As discussed above, Orientalist ideology and fears about immigration led anti-Chinese forces to portray Asian women as sexualized and slave-like, and therefore a moral and physical threat to the nation. The statutory emphasis on the exclusion of Chinese prostitutes propagated the stereotype of Asian women as sexual objects and as slaves. These stereotypes persisted into the modern era as a result of U.S. military presence in Asia, which led to military-prostitution and further contributed to the objectification and sexualization of the Asian female body. This image of Asian women has been portrayed and perpetuated in film and other media. These stereotypes of Asian women promote the selling, buying, and possession of the Asian body.

IMBs perpetuate this stereotype by presenting Asian women as sexual and subservient. On the IMB websites, the foreign women are contrasted against American women, who are characterized as career-focused. For example, one IMB advertisement states, In the Philippines wives are very loyal house wives . . . [a] nd the Filipina believes that men must have regular sexual activity . . . . She is there, among other things, to be a provider of quality sex.
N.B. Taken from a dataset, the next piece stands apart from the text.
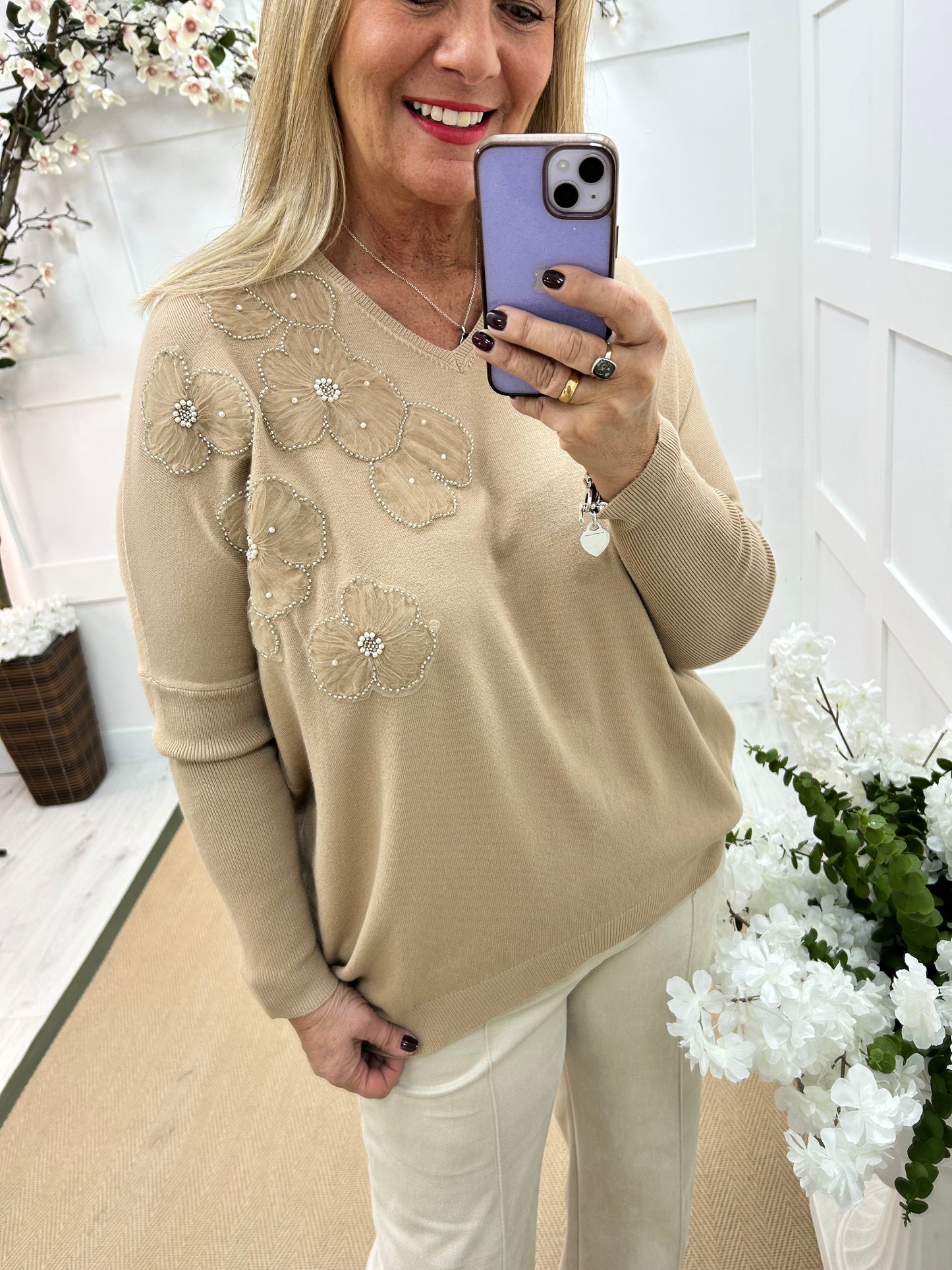 Claudia: Sand longline floral detail knit. One size: 14-20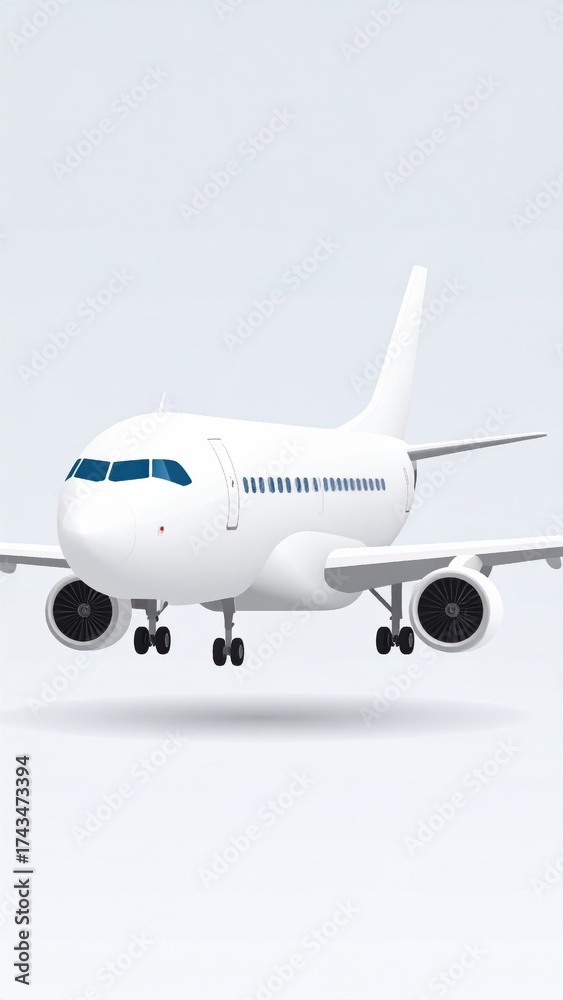 Fototapeta premium Airplane elegant and colorful composition with sharpness and visual beauty.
Another website touts its loving Asian girls. Yet another claims, women in Asia are brought up to be family-oriented. . . . perfectly happy to be a homemaker than to have a career. The Japanese American Citizens League expressed concerns that the advertising used by mail order bride companies reinforce[s] negative sexual and racial stereotypes of Asian women.

The IMB industry perpetuates and exploits the stereotype of Asian women as sexual and docile in an effort to entice Western men to meet and marry Asian women. The same characteristics that once made them unfit for immigration to the United States now make Asian women the ideal spouses for American men searching for a traditional relationship.